*Problem details*.
The whole listing below needs to be duplicated exactly, pictures aside.

[[ Given records open ]]

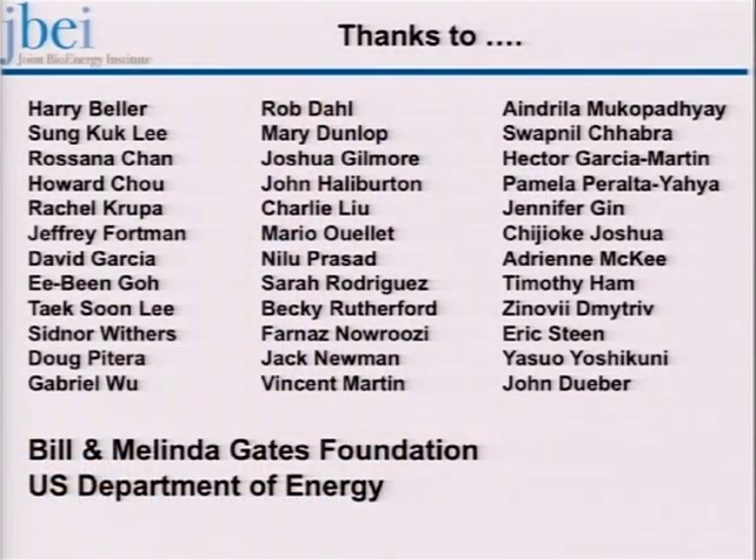That summarizes the work on producing branched-chain alkanes, alkenes, and alcohols in E. coli. These are some of the people in my laboratory and at JBEI that did the work. The initial work was supported by the Bill and Melinda Gates Foundation and the latter part by the U.S. Department of Energy. I'd like to thank the organizers for inviting me and you for your attention.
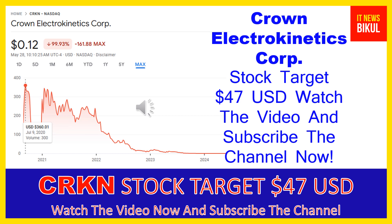Crown Electrokinetics Corp company market cap is 33.493 million. Crown Electrokinetics Corp develops and sells optical switching films. The company also focuses on commercializing electrokinetic technology for use in the smart glass market, and offers electrokinetic film technology for smart or dynamic glass.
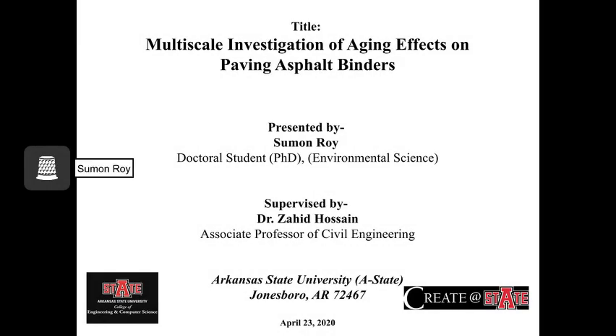Hello everyone, this is Shumun Roy, a doctoral student of the Environmental Science Program. Today I am going to present my poster on Multiscale Investigation of Aging Effects on Paving Asphalt Binders, which is supervised by Dr. Zahid Hussain, Associate Professor of Civil Engineering at ASTATE.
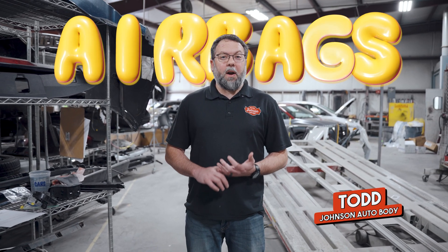So you're in an accident and your airbag goes off and you just think your car's totaled. Well, that's not necessarily true, and here's why. Hey, I'm Todd from Johnson Auto Body and today we're going to talk about airbags.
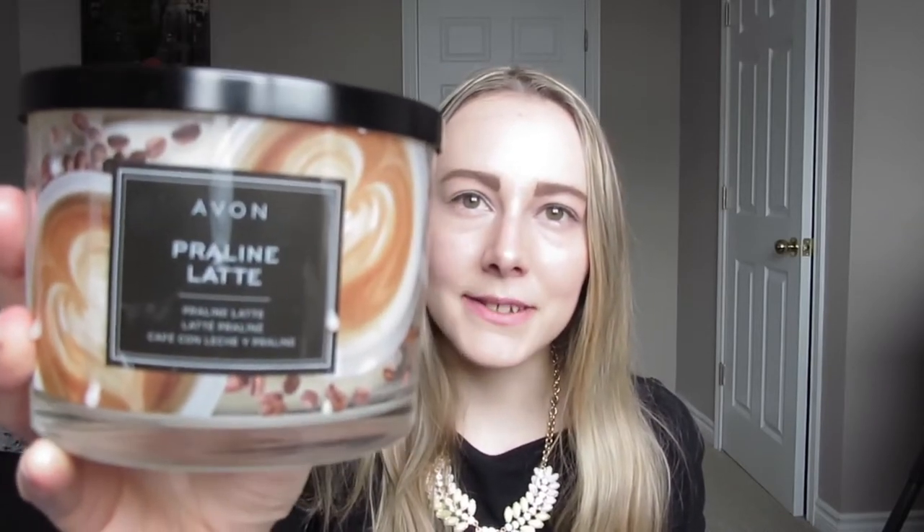Another candle I've been loving is from Avon — it's the Perlin Latte. I've shown this in one of my favorites videos before but I'm still loving this product, so I thought I'd include it. I've burned through it pretty well as you can see, but it smells heavenly. I could smell this all day. Those are the two candles I've been enjoying this month.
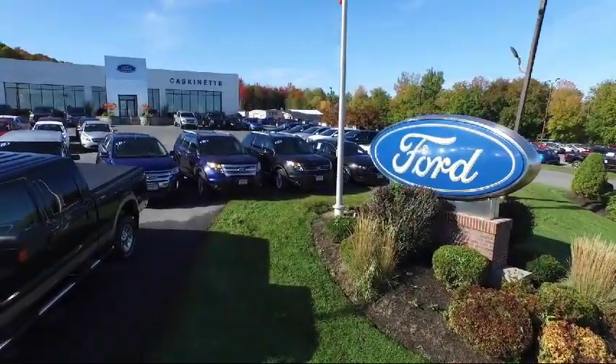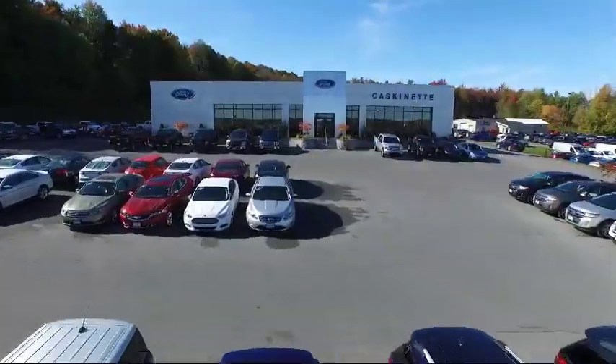Welcome to Cascanet Ford, and here's a look at another one of our new Fords from our extensive inventory.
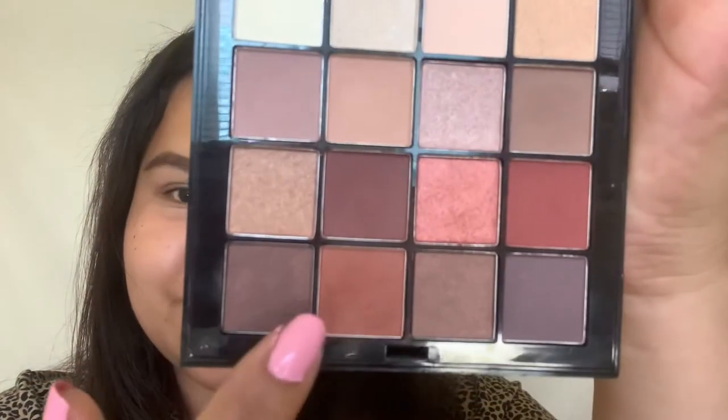Once I'm done with my concealer, I go in with my NYX ultimate eyeshadow palette. I've had this palette for years and I just love it so much. I use this orange color that I'm using right now and I pretty much use it every single day, no matter if it's spring, winter, or fall — it just goes with everything I wear.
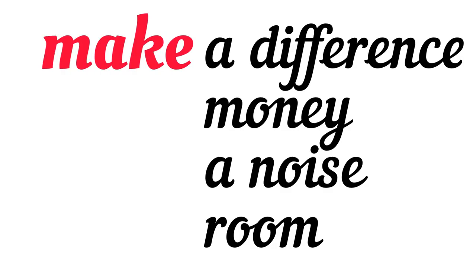Let's see which nouns go with the verb 'make'. Make a difference, which means to cause a change. Make money, meaning to earn money. Make a noise, and make room, that is to create space for someone. So all these nouns go with the verb 'make'.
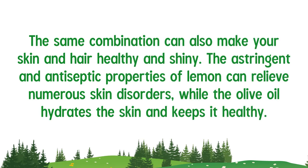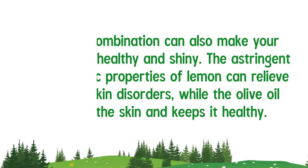The same combination can also make your skin and hair healthy and shiny. The astringent and antiseptic properties of lemon can relieve numerous skin disorders, while the olive oil hydrates the skin and keeps it healthy.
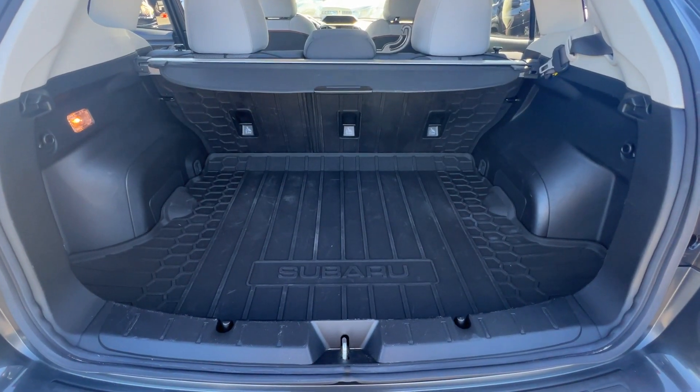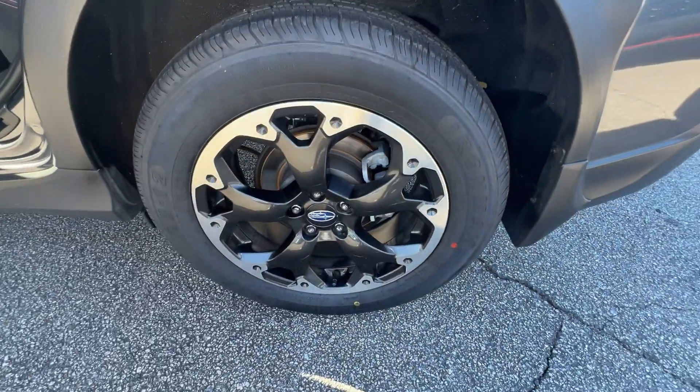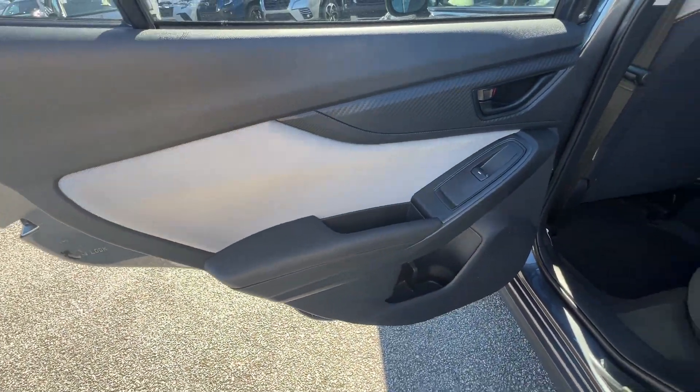2021 Subaru Crosstrek. With less than 55,000 miles on the odometer, this SUV offers space as well as power and performance.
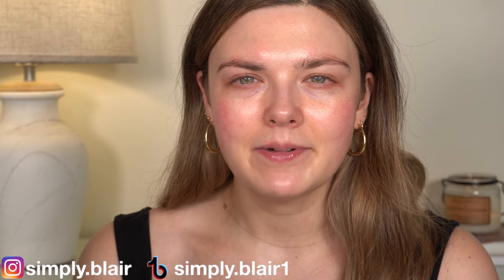If you're new here, my name is Blair. I do all kinds of beauty and makeup content here on YouTube three times a week — on Mondays, Wednesdays, and Fridays. I hope you'll subscribe and let's get into it.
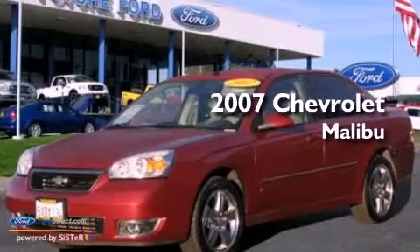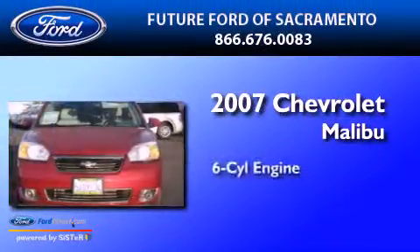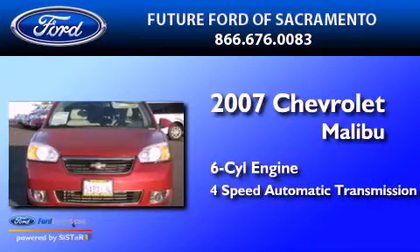This is a 2007 Chevrolet Malibu. It features a six-cylinder engine and a four-speed automatic transmission.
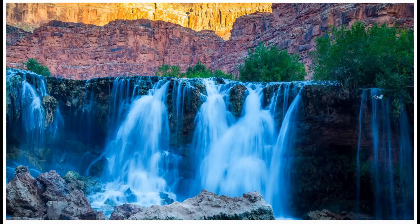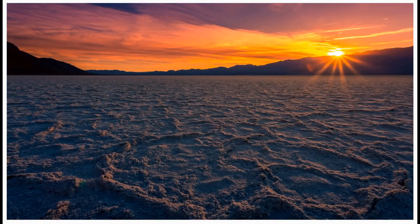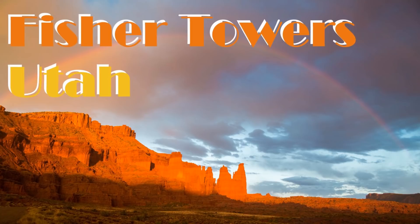On this episode of Camera Crusades, I'm checking out the Fisher Towers in Southern Utah. Stay tuned. So today I'm in Moab, Utah, going towards a place called the Fisher Towers. They have been on my bucket list for quite some time now, so I'm really excited to get up there.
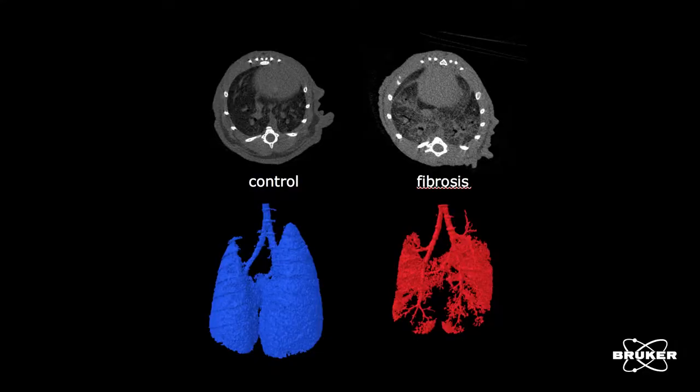Another major industry area for micro CT is lung, pulmonary, and thoracic research, looking at lung patency and lung viability over time.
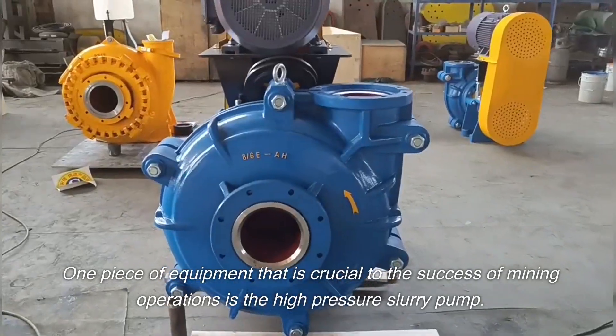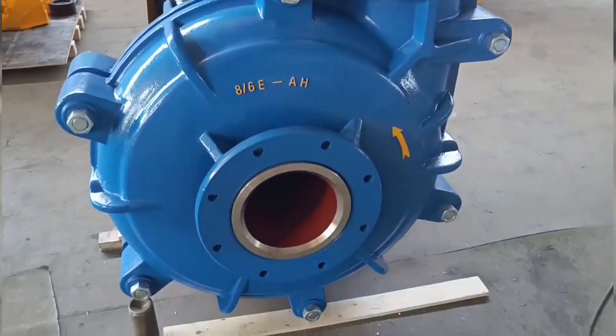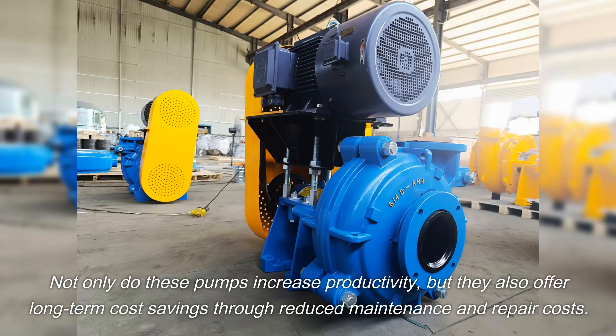One piece of equipment that is crucial to the success of mining operations is the high-pressure slurry pump. Not only do these pumps increase productivity, but they also offer long-term cost savings through reduced maintenance and repair costs.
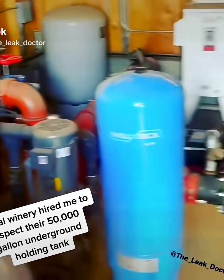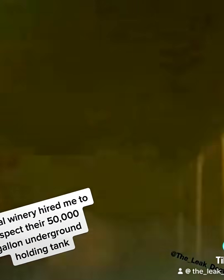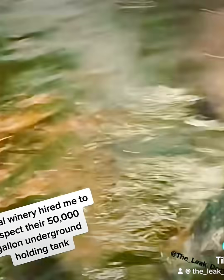Hope you guys are having a good day. A local winery hired me to inspect their 50,000 gallon underground holding tank. This water supplies 30 acres for irrigation and fire suppression.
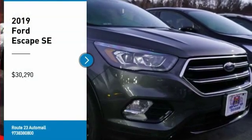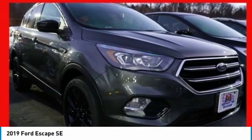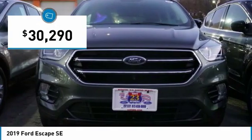You are going to love the 2019 Escape. Gas engines flex, tow, sip and go with Ford Escape, and it is priced below $35,000.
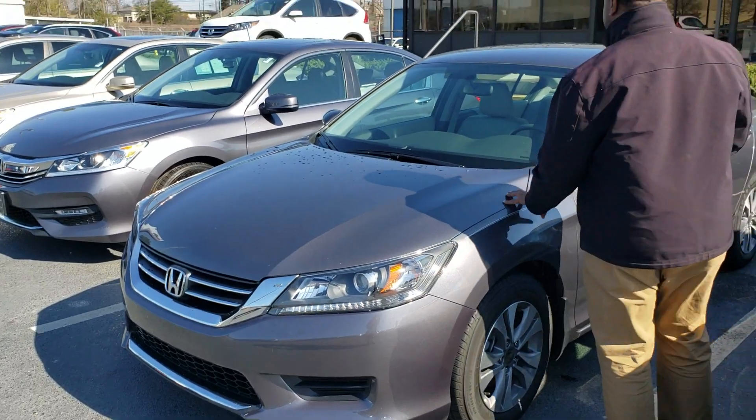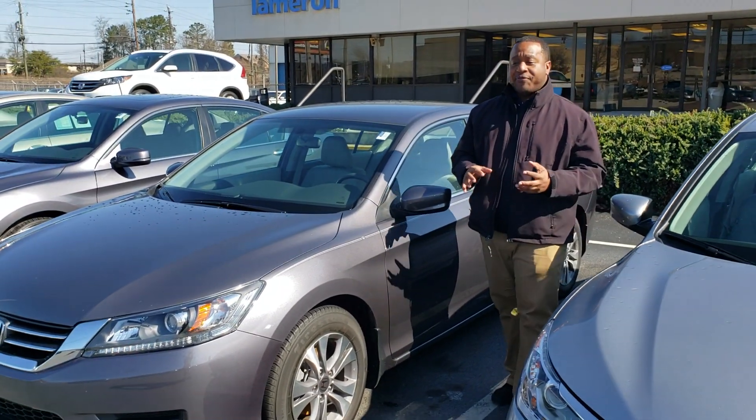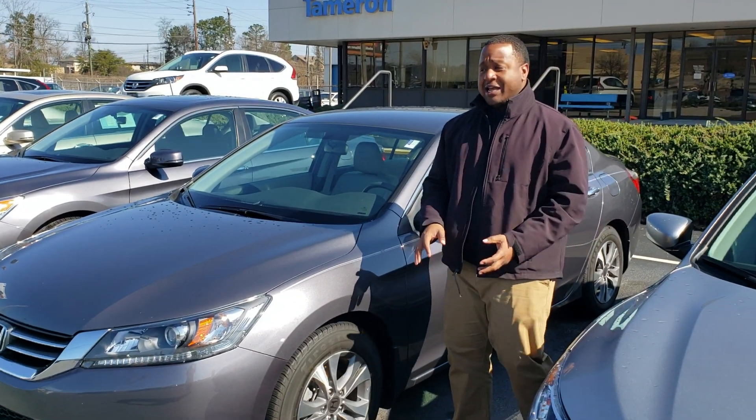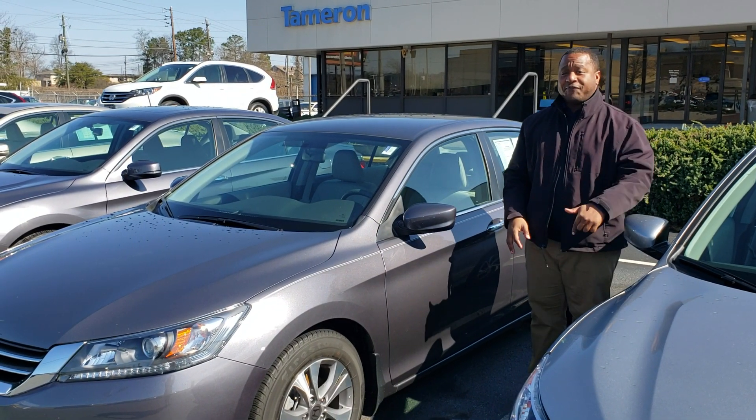I wanted to thank you for inquiring on this beautiful 2015 Honda Accord LX. As you can see, this is a really rare find. This thing only has about 13,000 miles on it. It is a locally owned, locally traded vehicle, and this thing is a certified pre-owned Honda.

[[ Given records closed ]]

*Exercise answer*.
That summarizes the work on producing branched-chain alkanes, alkenes, and alcohols in E. coli. These are some of the people in my laboratory and at JBEI that did the work. The initial work was supported by the Bill and Melinda Gates Foundation and the latter part by the U.S. Department of Energy. I'd like to thank the organizers for inviting me and you for your attention.
Crown Electrokinetics Corp company market cap is 33.493 million. Crown Electrokinetics Corp develops and sells optical switching films. The company also focuses on commercializing electrokinetic technology for use in the smart glass market, and offers electrokinetic film technology for smart or dynamic glass.
Hello everyone, this is Shumun Roy, a doctoral student of the Environmental Science Program. Today I am going to present my poster on Multiscale Investigation of Aging Effects on Paving Asphalt Binders, which is supervised by Dr. Zahid Hussain, Associate Professor of Civil Engineering at ASTATE.
So you're in an accident and your airbag goes off and you just think your car's totaled. Well, that's not necessarily true, and here's why. Hey, I'm Todd from Johnson Auto Body and today we're going to talk about airbags.
Another candle I've been loving is from Avon — it's the Perlin Latte. I've shown this in one of my favorites videos before but I'm still loving this product, so I thought I'd include it. I've burned through it pretty well as you can see, but it smells heavenly. I could smell this all day. Those are the two candles I've been enjoying this month.
Welcome to Cascanet Ford, and here's a look at another one of our new Fords from our extensive inventory.
Once I'm done with my concealer, I go in with my NYX ultimate eyeshadow palette. I've had this palette for years and I just love it so much. I use this orange color that I'm using right now and I pretty much use it every single day, no matter if it's spring, winter, or fall — it just goes with everything I wear.
Let's see which nouns go with the verb 'make'. Make a difference, which means to cause a change. Make money, meaning to earn money. Make a noise, and make room, that is to create space for someone. So all these nouns go with the verb 'make'.
The same combination can also make your skin and hair healthy and shiny. The astringent and antiseptic properties of lemon can relieve numerous skin disorders, while the olive oil hydrates the skin and keeps it healthy.
2021 Subaru Crosstrek. With less than 55,000 miles on the odometer, this SUV offers space as well as power and performance.
If you're new here, my name is Blair. I do all kinds of beauty and makeup content here on YouTube three times a week — on Mondays, Wednesdays, and Fridays. I hope you'll subscribe and let's get into it.
This is a 2007 Chevrolet Malibu. It features a six-cylinder engine and a four-speed automatic transmission.
On this episode of Camera Crusades, I'm checking out the Fisher Towers in Southern Utah. Stay tuned. So today I'm in Moab, Utah, going towards a place called the Fisher Towers. They have been on my bucket list for quite some time now, so I'm really excited to get up there.
Another major industry area for micro CT is lung, pulmonary, and thoracic research, looking at lung patency and lung viability over time.
One piece of equipment that is crucial to the success of mining operations is the high-pressure slurry pump. Not only do these pumps increase productivity, but they also offer long-term cost savings through reduced maintenance and repair costs.
Hope you guys are having a good day. A local winery hired me to inspect their 50,000 gallon underground holding tank. This water supplies 30 acres for irrigation and fire suppression.
You are going to love the 2019 Escape. Gas engines flex, tow, sip and go with Ford Escape, and it is priced below $35,000.
I wanted to thank you for inquiring on this beautiful 2015 Honda Accord LX. As you can see, this is a really rare find. This thing only has about 13,000 miles on it. It is a locally owned, locally traded vehicle, and this thing is a certified pre-owned Honda.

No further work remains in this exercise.